* **WHAT THE TASK REQUIRES**
Only some lines are wanted. Transcribe, exactly, the lines below from the line with "Another resident cell" up to and including the line with "Agranulocytes are of".

[[ TASK INPUT, beginning ]]

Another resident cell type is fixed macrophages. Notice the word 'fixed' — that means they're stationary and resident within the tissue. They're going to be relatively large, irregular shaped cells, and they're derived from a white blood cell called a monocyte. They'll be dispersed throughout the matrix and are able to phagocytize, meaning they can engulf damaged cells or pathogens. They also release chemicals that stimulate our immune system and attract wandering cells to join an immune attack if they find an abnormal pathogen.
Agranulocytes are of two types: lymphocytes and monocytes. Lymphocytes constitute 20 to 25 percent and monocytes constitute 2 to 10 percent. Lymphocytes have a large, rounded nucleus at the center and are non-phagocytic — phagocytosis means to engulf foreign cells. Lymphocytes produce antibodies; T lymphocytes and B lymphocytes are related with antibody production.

[[ TASK INPUT, end ]]
[[ TASK INPUT, beginning ]]

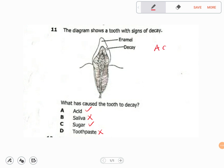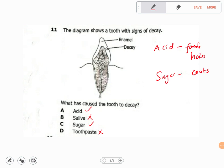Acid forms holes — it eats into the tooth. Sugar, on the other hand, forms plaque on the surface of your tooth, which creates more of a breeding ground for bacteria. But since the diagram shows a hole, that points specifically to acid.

[[ TASK INPUT, end ]]

* **COMPLETED TASK**
Another resident cell type is fixed macrophages. Notice the word 'fixed' — that means they're stationary and resident within the tissue. They're going to be relatively large, irregular shaped cells, and they're derived from a white blood cell called a monocyte. They'll be dispersed throughout the matrix and are able to phagocytize, meaning they can engulf damaged cells or pathogens. They also release chemicals that stimulate our immune system and attract wandering cells to join an immune attack if they find an abnormal pathogen.
Agranulocytes are of two types: lymphocytes and monocytes. Lymphocytes constitute 20 to 25 percent and monocytes constitute 2 to 10 percent. Lymphocytes have a large, rounded nucleus at the center and are non-phagocytic — phagocytosis means to engulf foreign cells. Lymphocytes produce antibodies; T lymphocytes and B lymphocytes are related with antibody production.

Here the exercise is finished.